# Austin TX -Want to meet at a park and sketch ?



## ShawnB (Dec 25, 2012)

I'm thinking this sort of thing would be perfect. Meet at a park in a central location that we can all get to by bus, or a by bike. 
( I hate buses ! )

No rowdy crowds of people. No pressure to order food like at a restaurant, and absolutely no pressure to make empty conversation - just sketch away !

We don't have to even sit at the same table. We could each sketch something completely different.

Not an artist ? No problem. No one is there to criticize your art anyway.

Anyone interested ?

Think of this as baby steps. This is the first step. 
Giving an online speech in front of around 280+ plus is next. 

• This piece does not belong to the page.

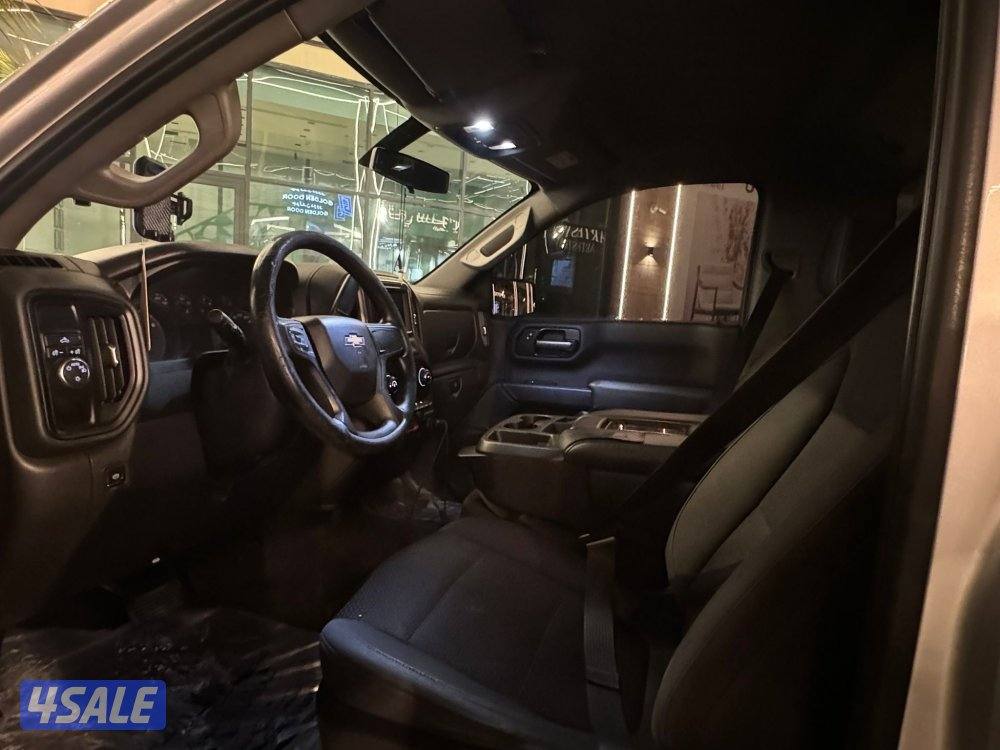 للبيع او للبدل سلفرادو 2020 Ls مكينه الكبيره8سلندر4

We could call ourselves the *A*ustin *A*rea *A*goraphobic *A*rtists *A*ssociation or 'A5'

How nerdy is that, right ?


----------



## ShawnB (Dec 25, 2012)

Wow - that fizzled.


----------



## ShawnB (Dec 25, 2012)

Went down like a lead zeppelin.


----------



## ShawnB (Dec 25, 2012)

Fizzzzzle


----------



## DragnoticChaos4231 (Oct 10, 2012)

I would meet up with you,but sadly I live in Houston-also I'm too young and my parents wouldn't let me hang out with someone they don't know _-_ Wish I could though dude-would enjoy doing that with you


----------



## Ineko (Jan 5, 2014)

I know this is late, but i think this fizzled cause not many probably come to this sub.
Maybe try posting on reddits austinsocialanxiety sub or make a meetup.com group?


----------